É nas estatísticas da violência policial contra os negros que as contradições da sociedade brasileira se mostram mais agudas, como se depreende, por exemplo, de uma pesquisa que o Datafolha realizou em 1997 na cidade de São Paulo:
– a escolaridade e a condição financeira têm pouca influência sobre a freqüência e incidência das revistas policiais e da violência praticada pela polícia;
– entre os da raça negra, quase metade (48%) já foi revistada alguma vez. Desses, 21% já foram ofendidos verbalmente e 14%, agredidos fisicamente por policiais;
– os pardos superam os negros em ofensas: 27% deles foram ofendidos verbalmente e 12% agredidos fisicamente. Ao todo, 46% já foram revistados alguma vez;
– a população branca é menos visada pela polícia. Entre esses, 34% já passaram por uma revista, 17% ouviram ofensas e 6% já foram agredidos, menos da metade da incidência entre negros.
Sobre a violência seletiva aplicada em muito maior escala e intensidade contra a população negra pelas polícias estaduais, os neo-racistas se calam, não escrevendo uma palavra sequer. Tais fatos não entram nas elocubrações deles, as vidas ou direitos dessas pessoas não lhes interessam, pois na verdade não têm o que dizer sobre esse assunto. Nem mesmo o guru Ali Kamel, que parece ter fixação por estatísticas, encontrou justificativa para essas.
Final rancoroso e melancólico
Como já fizera no título, Mainardi termina seu artigo dando uma conotação pejorativa à palavra quilombo:
“O Brasil se refugiou no passado. O Brasil é o quilombo do mundo.”
Quilombo, segundo o dicionário Aurélio, é “estado de tipo africano formado, nos sertões brasileiros, por escravos fugidos”. Para nós, quilombo simboliza toda uma luta por liberdade e justiça. Ademais, como em alguns quilombos também viviam índios e brancos simpatizantes, pode ter sido o primeiro lugar no Brasil onde pessoas de raças diferentes conviveram harmoniosamente.
Destruidor de quilombos foi o bandeirante Domingos Jorge Velho, matador de negros do século XVII, até hoje relacionado entre os maiores assassinos de nossa História. Seus seguidores, como Mainardi, Reinaldo de Azevedo e Ali Kamel, atiram-se com o mesmo furor homicida contra a imagem dos quilombos.
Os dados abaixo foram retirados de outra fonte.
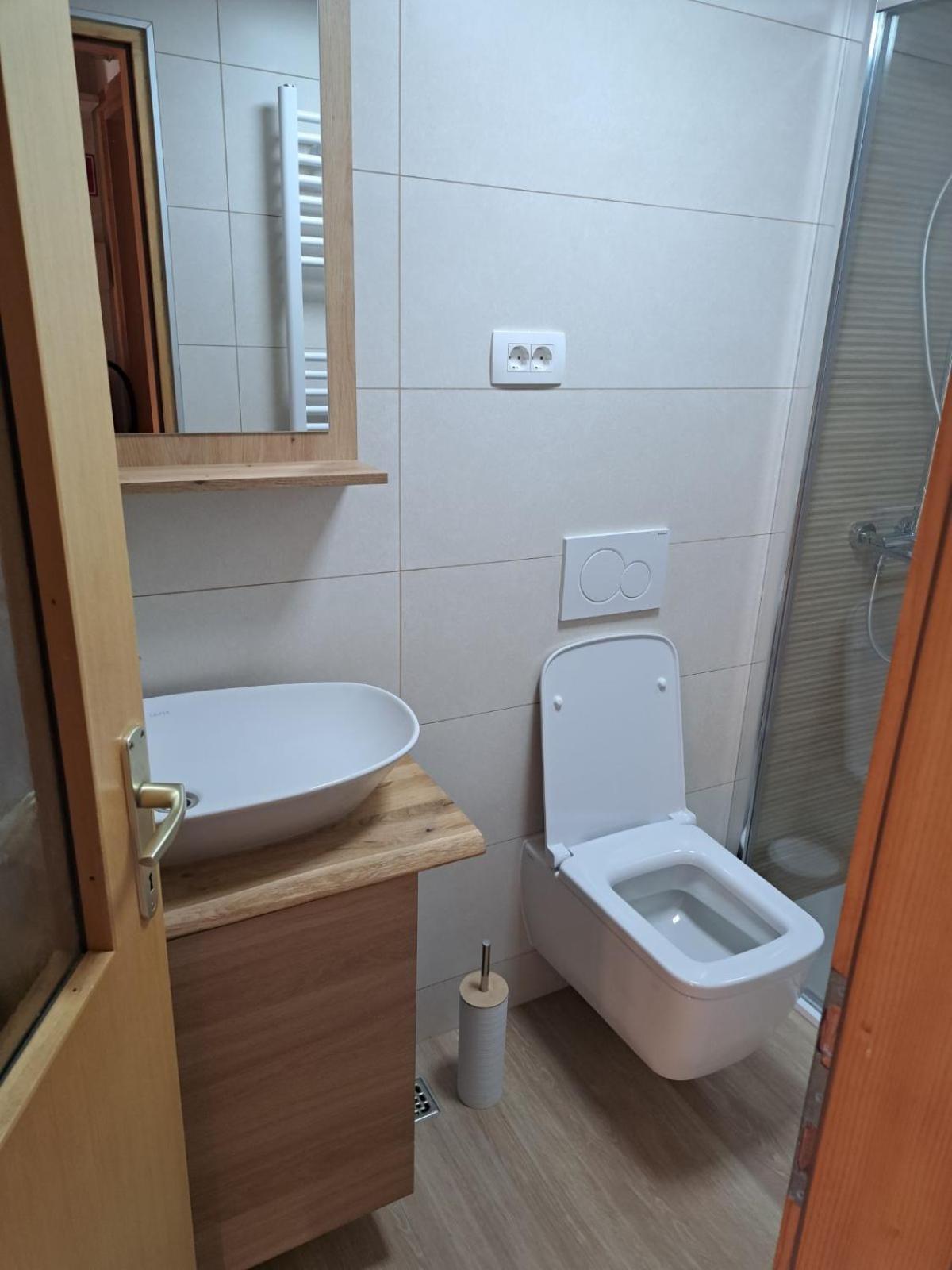 Vacation House Jurcek Radovljica Bagian luar foto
Só que, em vez de apertar gatilhos, comprimem teclas.
Não percebem, entretanto, que jamais conseguirão deletar as páginas de heroísmo escritas pelos negros, nem sua possibilidade de obterem agora o que lhes foi negado durante séculos.
Mas estão deletando a si próprios da civilização, eles sim refugiados num passado vergonhoso: aquele em que os preconceitos raciais ainda podiam ser expressos impunemente. Hoje, pelo contrário, só despertam perplexidade, indignação e asco.